SOURCE MATERIAL.
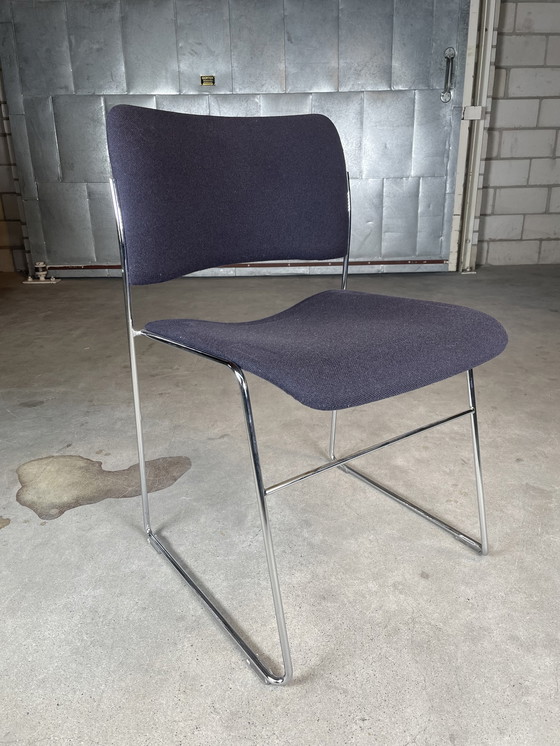 Image 1 of 10x chaises Howe 40/4 avec table par David Rowland (bleu)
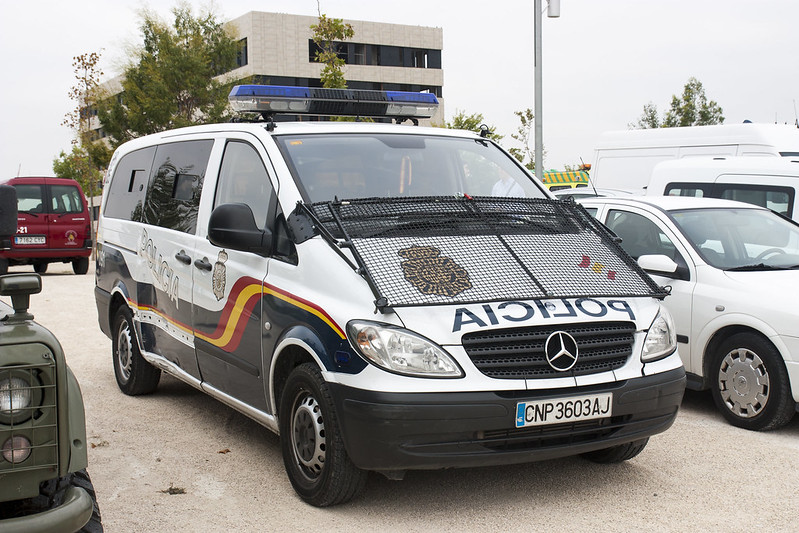 Mercedes Benz Vito; rotulación clara 10440183565_e000a276c4_c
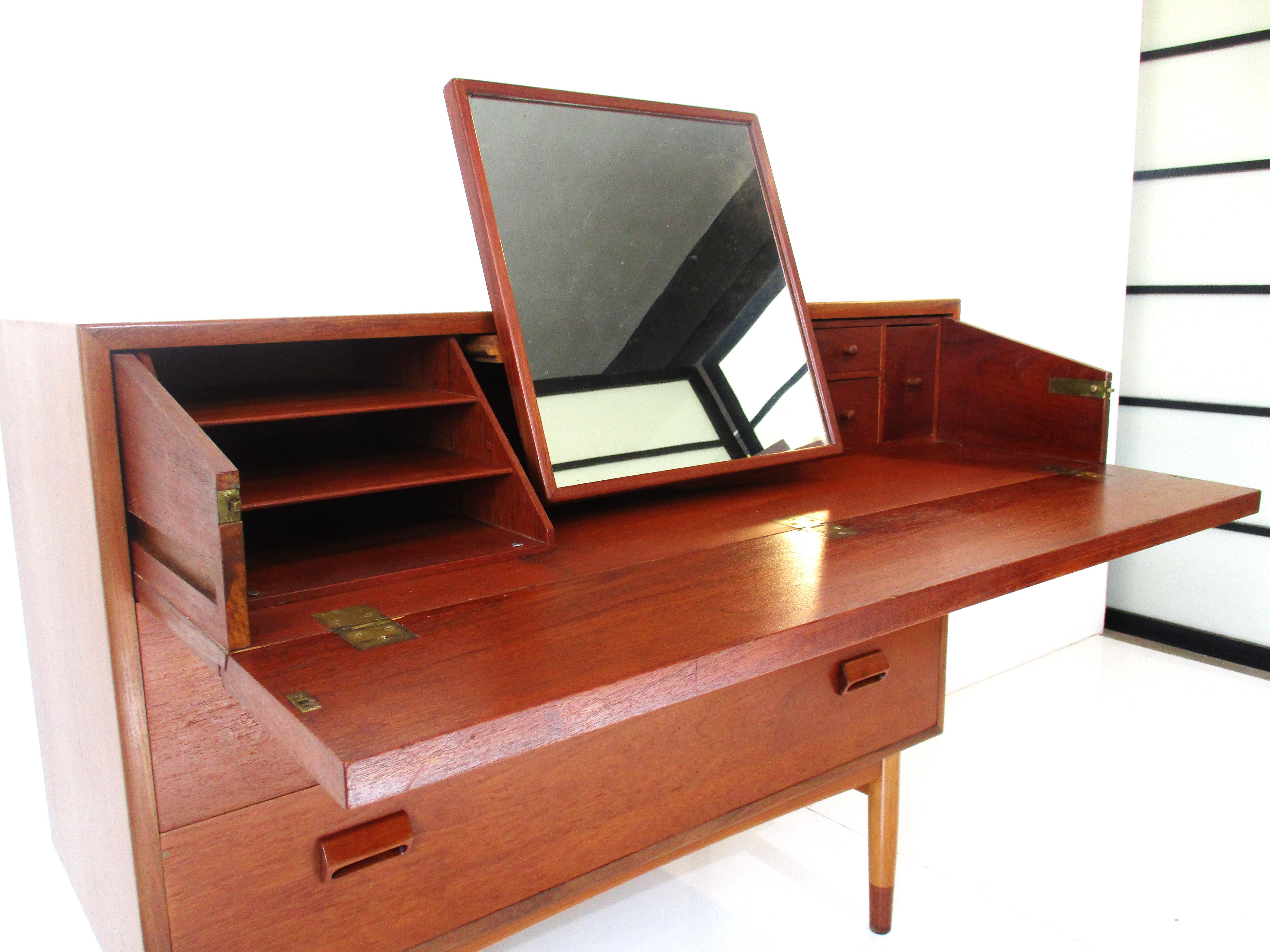 Teak Vanity Desk Dresser by Borge Mogensen for Soborg Denmark For Sale 1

WORK REQUEST. Retype the data shown above exactly, excluding any picture it contains.

RESULT.
 Image 1 of 10x chaises Howe 40/4 avec table par David Rowland (bleu)
 Mercedes Benz Vito; rotulación clara 10440183565_e000a276c4_c
 Teak Vanity Desk Dresser by Borge Mogensen for Soborg Denmark For Sale 1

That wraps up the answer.